Ogni tanto, quando si iniziano percorsi di cambiamento organizzativo, occorre fare – con calma – due o tre ragionamenti sulla gestione delle persone.
Un primo ragionamento è questo: non è detto che chi resiste al cambiamento sia una persona negativa, o priva di valore. Anzi, molti fra quanti resistono sono dotati di motivazioni e competenze. Semplicemente hanno qualcosa da perdere quando cambiano le attività, le regole, le strutture. E se resistono significa che hanno spina dorsale.
Un secondo ragionamento – collegato al primo – è che ogni cambiamento deve avere una direzione precisa, e deve essere fortemente orientato all’innovazione.
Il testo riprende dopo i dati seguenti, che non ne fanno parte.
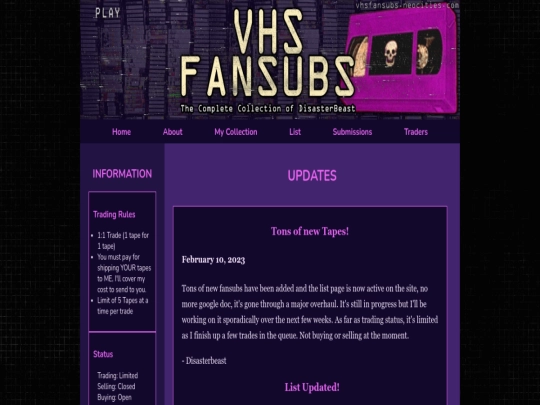 index screenshot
Tutto questo può portare stress, ma anche forte motivazione, a patto che sia accompagnato da idonee soluzioni organizzative.
E qui arriva un terzo ragionamento: solo un’organizzazione fortemente decentrata risulta coerente con obiettivi di innovazione, flessibilità, reattività. Solo se la decisione è vicina al problema possiamo essere in grado di risolvere il problema stesso ed essere resistenti di fronte allo stress.
Un quarto ragionamento – collegato col primo – è questo: le persone di cui abbiamo bisogno devono avere capacità ambivalenti. Da un lato devono essere in possesso di competenze e motivazioni necessarie alle attività in essere; dall’altro devono essere orientati al nuovo, alla sperimentazione.
Il quinto ragionamento è la diretta conseguenza del precedente: le persone si impegnano a cambiare ed assumono responsabilità solo se sanno che saranno valutate da capi competenti. In caso contrario faranno resistenza.
Dite che abbiamo superato il numero dei ragionamenti di cui si parlava all’inizio? Io dico che siamo solo all’inizio.